France began hitting up Washington for more than verbal support. In a full-court press, Hollande got on the horn to Barack Obama, while Defense Minister Jean-Yves Le Drian called his counterpart at the time, Leon Panetta. Both begged for help with transport and refueling. Washington put them off while the Obama administration debated whether to get involved. For one thing, the American public was suffering from war fatigue following Iraq and Afghanistan. More concretely, U.S. law forbade assistance to any regime that came to power through a coup, as Mali’s had last year.

In late January the U.S. committed to help with aerial refueling and troop transport to “support the international effort in Mali,” thus skirting the notion of direct bilateral aid to the Malian government. U.S. Air Force KC-135 Stratotankers from the 351st Expeditionary Air Refueling Squadron, forward deployed to Morón Air Base in Spain from their home station in England, began refueling French fighter-bombers on January 27. Over the next four months they flew more than 200 missions, providing over 8 million pounds of fuel. Meanwhile, Air Force C-17 cargo planes were moving tons of equipment and supplies, along with thousands of African soldiers, into Mali. 

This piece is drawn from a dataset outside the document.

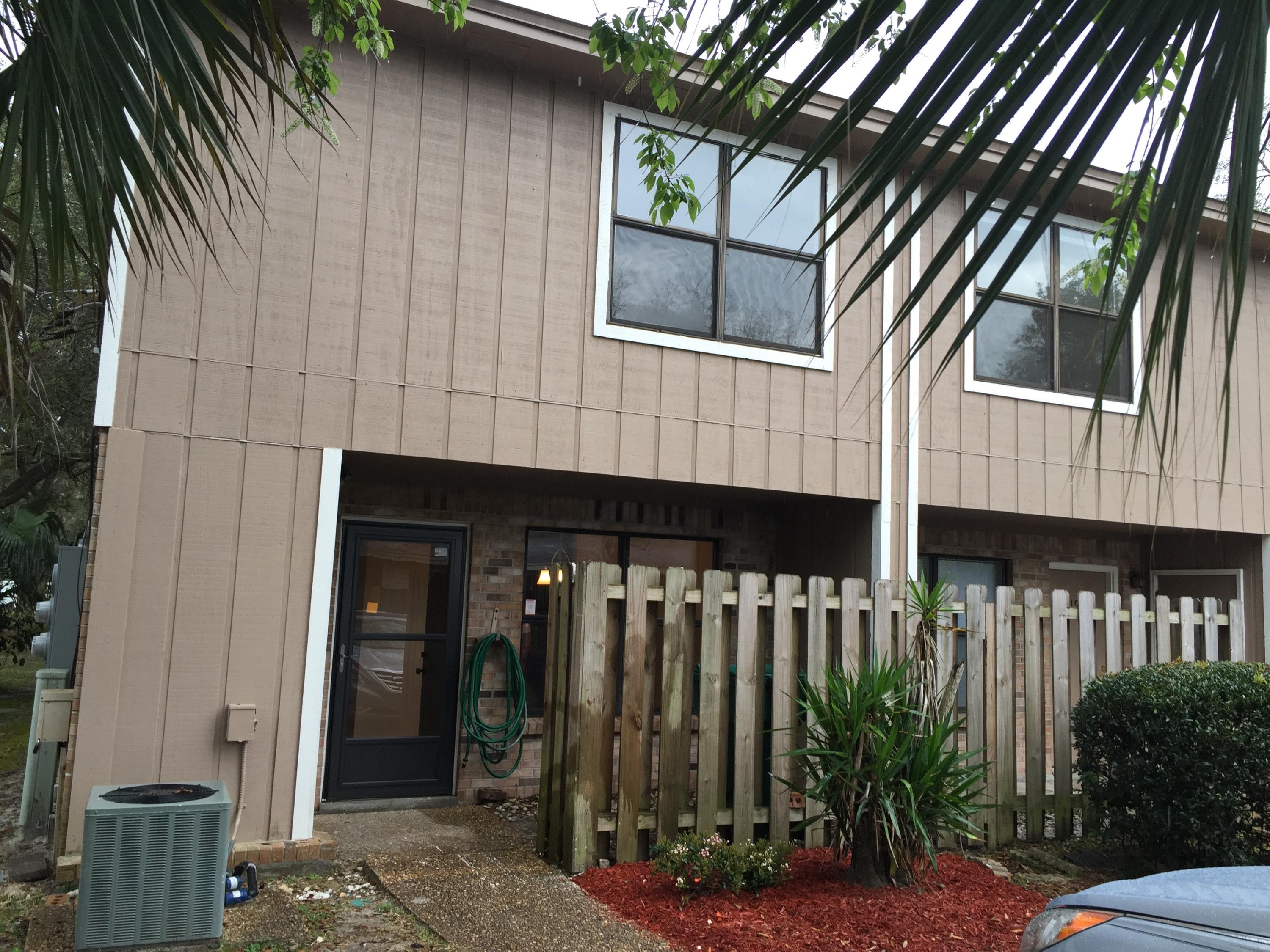 This 2 bedroom 2.5 bath townhome has been completely redone and is like new. New interior paint, carpet on stairs and both bedrooms, kitchen cabinets and counter tops, all appliances including a side by side refrigerator with icemaker, microwave/range hood combo, smooth top stove with self cleaning oven, garbage disposal. All three baths have new toilets, vanities, fixtures, flooring. The guest bath also has a new tub. HVAC was replaced about 2010 or 2011. The outside power panel is also new ($4000). This is a great floorplan for roommates as each room has a private bath (note room sizes--very generous). The guest bedroom has a walk in closet. There's also a storage closet outside and inside laundry. HOA takes care of lawn, pool and pest treatment.
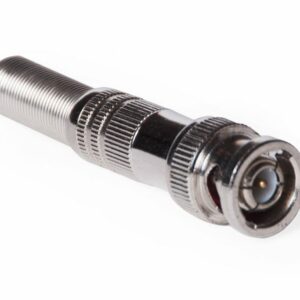 Разъем BNC папа под винт с пружиной металл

It was enough to enable the French campaign, eventually ramped up to 4,000 troops, to halt the insurgent advance. The government now claims Operation Serval has killed some 800 al Qaeda-related militants, which it is hoped will enable the Malian government to organize the free elections it has promised for July 28. The next task is more difficult: trying to root militants out of their secret strongholds in the rocky, barren north of the country. And not only there. Analysts note that Islamist fighters are finding safe haven and regrouping in neighboring countries like Niger and, especially, southwest Libya, where they are setting up training camps. To get at them, French forces, or those of any international, UN-backed effort, need the best battlefield aerial reconnaissance they can get—certainly better than the camera-equipped light Cessnas the French army rented from a private firm in Luxembourg as a last resort.

Today’s advanced surveillance drones, like America’s Predator and Reaper UAVs, fly high and loiter long over target areas. But France, like the rest of Europe, is years behind the curve in developing them—despite having the technology and industrial base to produce aviation and space successes like Airbus airliners and the Ariane 5 rocket launcher. Except for some small tactical drones ineffective in that environment, it currently has a sum total of three obsolete surveillance drones with inadequate airborne sensors based on a 20-year-old Israeli model. (By comparison, the U.S. has more than 6,000 drones of all types.) As Defense Minister Le Drian admitted recently, “France completely missed the drone revolution. Our backwardness in that field is considerable and incomprehensible.” 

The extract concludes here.